Saved entries
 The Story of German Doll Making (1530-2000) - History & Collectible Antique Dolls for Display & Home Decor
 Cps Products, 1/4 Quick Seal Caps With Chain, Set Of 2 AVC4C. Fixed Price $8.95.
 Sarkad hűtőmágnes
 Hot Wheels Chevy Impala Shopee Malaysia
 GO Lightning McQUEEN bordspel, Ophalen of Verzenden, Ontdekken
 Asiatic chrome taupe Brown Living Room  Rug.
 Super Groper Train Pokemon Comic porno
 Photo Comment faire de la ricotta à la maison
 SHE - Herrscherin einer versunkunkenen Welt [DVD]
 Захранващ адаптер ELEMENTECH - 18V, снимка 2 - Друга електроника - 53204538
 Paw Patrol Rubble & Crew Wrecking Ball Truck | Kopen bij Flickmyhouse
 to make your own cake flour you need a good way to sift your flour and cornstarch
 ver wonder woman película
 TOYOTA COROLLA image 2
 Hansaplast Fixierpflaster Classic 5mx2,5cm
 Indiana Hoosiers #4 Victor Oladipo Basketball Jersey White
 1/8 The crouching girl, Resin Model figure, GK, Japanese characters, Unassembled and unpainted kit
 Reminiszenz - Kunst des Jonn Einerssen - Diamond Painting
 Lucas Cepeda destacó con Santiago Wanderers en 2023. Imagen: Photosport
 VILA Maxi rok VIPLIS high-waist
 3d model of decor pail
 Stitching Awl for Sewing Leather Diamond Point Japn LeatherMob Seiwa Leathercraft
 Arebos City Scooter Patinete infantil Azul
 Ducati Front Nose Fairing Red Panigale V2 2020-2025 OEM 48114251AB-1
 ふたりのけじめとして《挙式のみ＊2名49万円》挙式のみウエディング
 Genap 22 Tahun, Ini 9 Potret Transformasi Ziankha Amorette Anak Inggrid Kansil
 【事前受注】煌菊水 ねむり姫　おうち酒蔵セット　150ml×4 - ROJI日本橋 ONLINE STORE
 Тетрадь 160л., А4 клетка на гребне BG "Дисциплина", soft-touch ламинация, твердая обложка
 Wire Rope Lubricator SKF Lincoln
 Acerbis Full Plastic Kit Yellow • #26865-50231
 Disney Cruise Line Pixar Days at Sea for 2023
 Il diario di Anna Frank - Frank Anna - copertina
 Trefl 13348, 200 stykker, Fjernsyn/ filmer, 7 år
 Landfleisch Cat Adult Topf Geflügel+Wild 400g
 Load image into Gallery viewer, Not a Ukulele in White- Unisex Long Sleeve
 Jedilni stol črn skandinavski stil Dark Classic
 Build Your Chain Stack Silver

*EXERCISE DETAILS*
In the data above, find each line that has the word "White" and copy it out.

*EXERCISE RESULT*
 Indiana Hoosiers #4 Victor Oladipo Basketball Jersey White
 Load image into Gallery viewer, Not a Ukulele in White- Unisex Long Sleeve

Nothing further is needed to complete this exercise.